David P. Hudesman, MD: Any other thoughts on this?

Jennifer Seminerio, MD: What Dr Abraham is touching on is the fact that it is just such an individualized approach. Every situation, you could have an entire treatment plan in your head, and it could get completely squashed when you walk into the room. It just sort of is this concept that we've talked about these entire conversations thus far. Shared decision making is about being able to give our patients the options, being able to guide them in a direction based on the confounders of the disease based on where they're at in terms of severity. But then also understanding that you may have to go through something that doesn't follow the guidelines because of where your patient is at that time.

Miguel Regueiro, MD, AGAF, FACG, FACP: Yes, so the only thing I'll add is that this is a journey and so when we start a patient newly on a therapy or we switch a patient on a therapy, I like to break down the next year into segments. If you talk to a patient, especially newly diagnosed about a 10 year plan that will be overwhelming and honestly it can be somewhat depressing. The patient is thinking, I'm newly diagnosed. I'm worried. I don't understand this. Am I going to have an ostomy or get cancer at some point? So, I usually give a snapshot of a year and I break it down and I say, Whatever the therapy is that we start, and we'll talk advanced therapy, I want to know in two months that you're feeling better. We all said symptoms first. I think everybody agrees. But then quickly use the biomarkers and Dr. Asfali mentioned CRP, fecal calprotectin. So, that's the first two months. And in the first 6 months, I used to do scopes at 6 months now I'm actually backing off in Crohn's. And if their fecal calprotectin is improving, if your intestinal ultrasound and that looks better, then at six months we say you're doing well and then I'll do a colonoscopy at a year or a cross sectional imaging. The reason I do that is that I think we do also see a bit of a lag in improvement, and we burn through our biologics and advanced therapies too quickly. That's the snapshots of the first year. But I think as Anita said, and I agree, it's also what do you want, the patient want, what's your expectation? But sometimes breaking into those small steps over a year, whether they've been on therapy, or this is new to them, it's easier to comprehend and meet those goals.

Anita Afzali, MD, MPH, MHCM, FACG, AGAF: And I like to add, words matter. Early appropriate therapy for an aggressive disease phenotype. And what is that aggressive disease phenotype? As you mentioned, we're looking at prognostic factors that we know that if we do not initiate appropriate therapy for that individual the risk for disease progression continues. We only have a small therapeutic window maybe perhaps just a few years, if that, to initiate appropriate therapy for each individual patient.

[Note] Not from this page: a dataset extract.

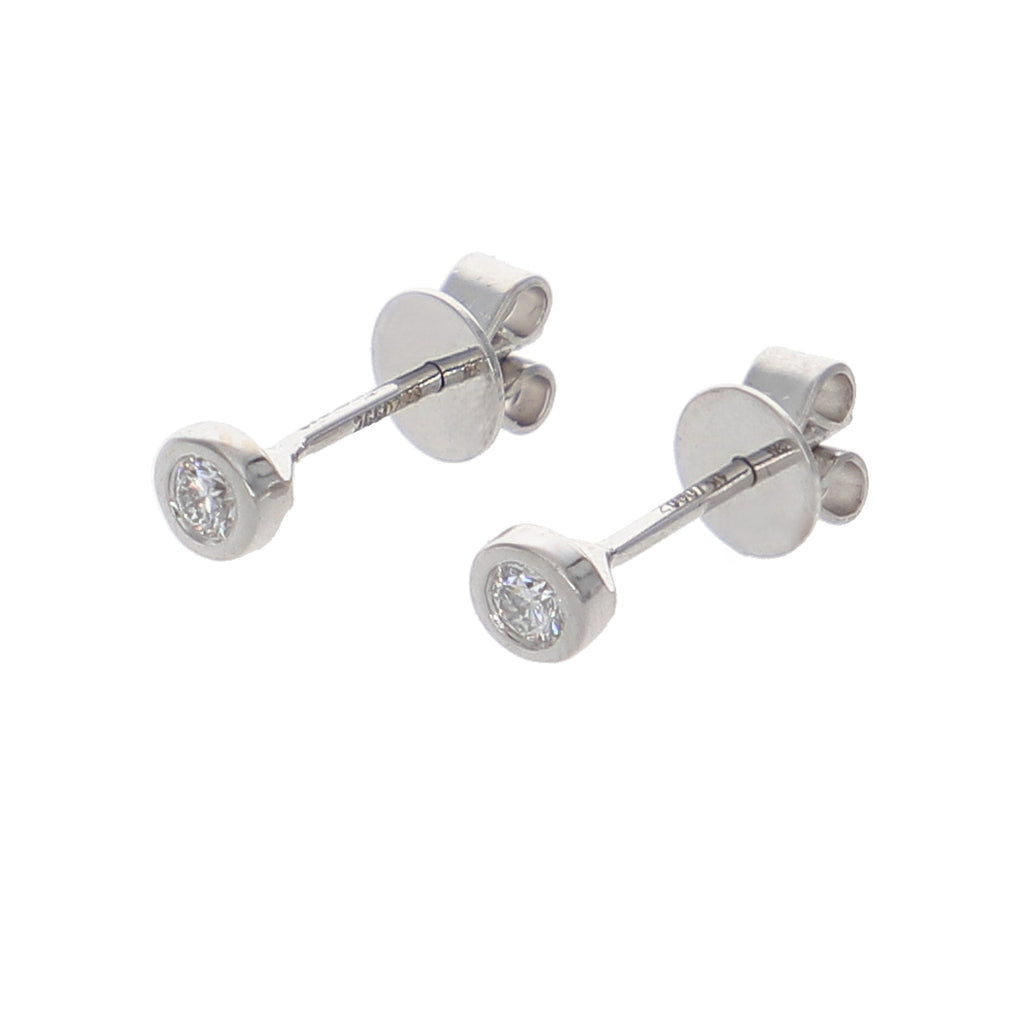 Aros Oro Blanco y Brillantes Solitario AR-13959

David P. Hudesman, MD: Yes, I agree completely, and as what was said is, for this patient, I always start with efficacy as you already do. If it's not going to work, all these other factors are moot. Once your past efficacy you're talking about their patient lifestyle, safety, onset of action. And then you put that all together with a patient to make your option.

Anita Afzali, MD, MPH, MHCM, FACG, AGAF: Correct.